Friday, 27 April 2012

Jean Cocteau in Leicester Square

Tucked away in a side street off Leicester Square, next door to the Prince Charles cinema, is Notre Dame de Paris, the main Catholic church for French nationals visiting and living in London, also known as the French Church. Stone steps and a fairly bland facade give no hint of what you might find inside, but this eccentric mural is just one of the surprises hidden away from the tourists.It's currently being restored, which is why the altar is covered with bottles and brushes. It's absolutely nothing like an English church. When I visited on a Sunday afternoon, a colourful collection of people were variously praying, sitting quietly or chatting together loudly in groups, while disembodied organ music came from somewhere up in the dome.

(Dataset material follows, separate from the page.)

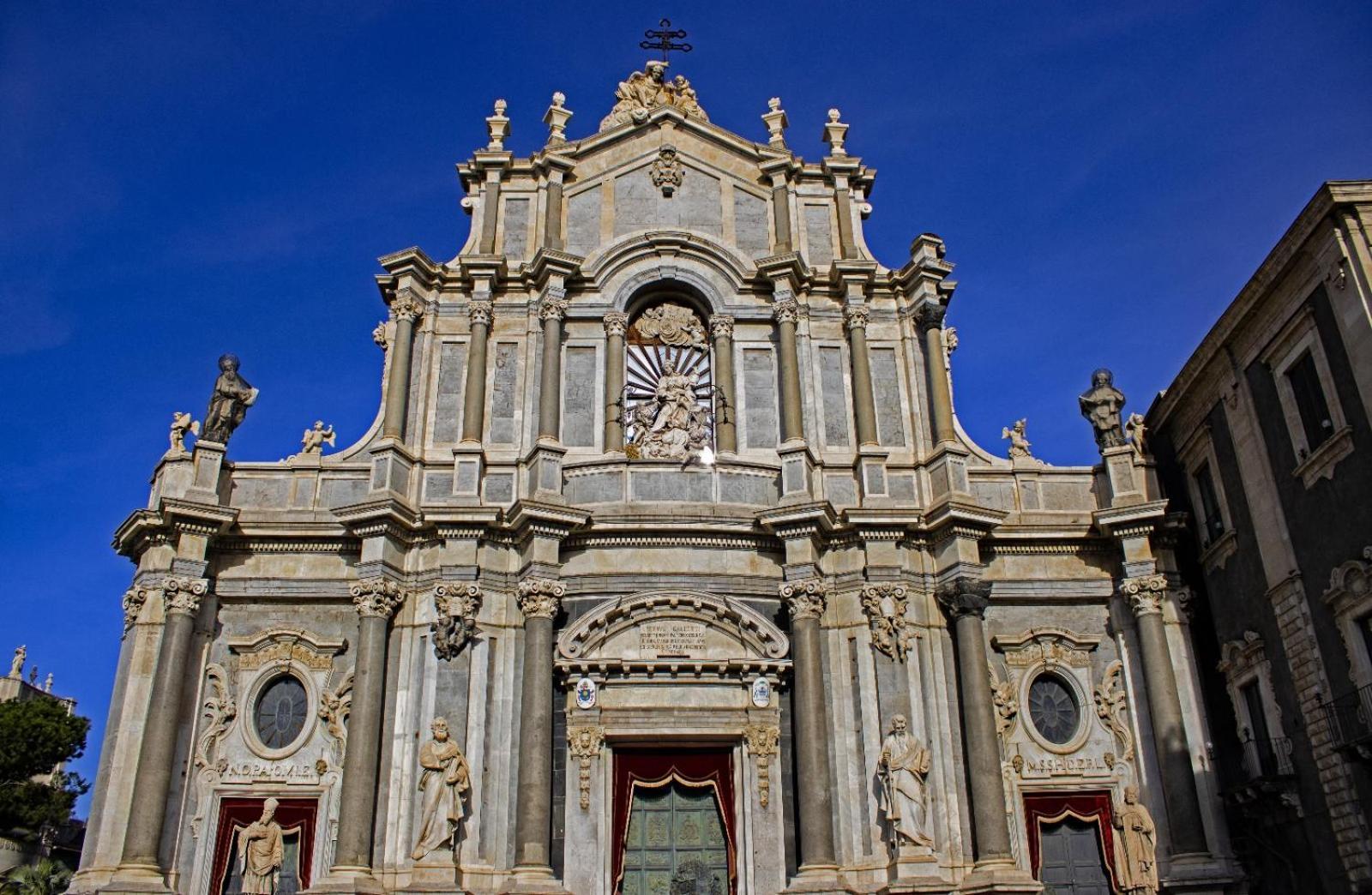 Due Passi Dal Centro Apartment Catania Luaran gambar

Nobody else seemed to be there for sightseeing reasons.

The mural was painted by Jean Cocteau, French poet, artist, dramatist and film maker. Painted directly onto the plaster with the lines seeming to bleed into the surface, Cocteau had clearly established his regular style by this time. It depicts standard scenes of the Annunciation and Crucifixion, but the interesting thing is the way the figures are portrayed. Look for eyes drawn as fishes, faces gazing upwards with eyeballs protruding, figures joined together, wispy beards, rounded and protruding body parts - lips, nipples, backsides - carefully exaggerated. You only see Christ's feet: the dominant figures in the crucifixion scene are the Roman centurions, nun-like characters, and what might be a self-portrait.

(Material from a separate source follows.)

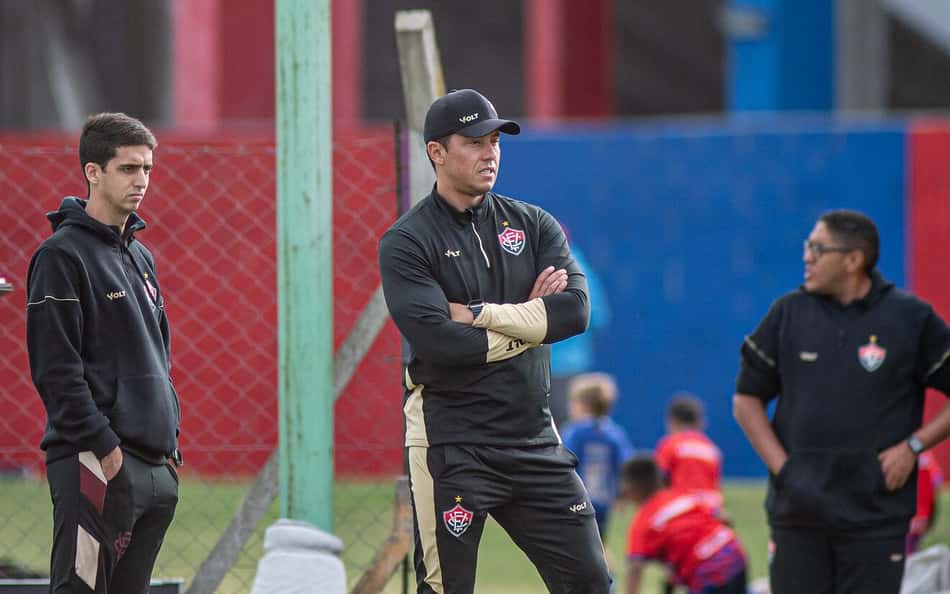 Vitória se reapresenta de olho no Cerro Largo; veja programação completa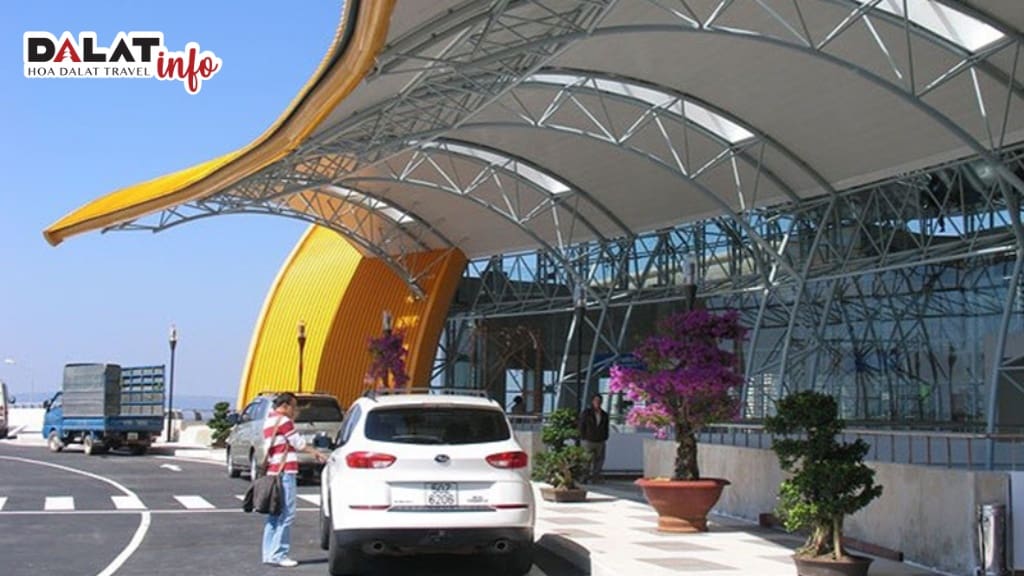 Dịch vụ xe taxi ở cổng ra ở sân bay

The church was badly damaged by bombing in WWII and rebuilt in a strange blend of neoclassical and Art Deco styles, keeping the original circular shape of the damaged building (once a Georgian panorama). Cocteau, by then an old man, was commissioned to do the mural when the building work was finished. There's an entertaining notice in the church describing how he surprised visitors to the church by talking to his characters as he worked. It took him only a week to finish the painting, in November 1959. He signed it in 1960, the same year his last film was showing in cinemas nearby.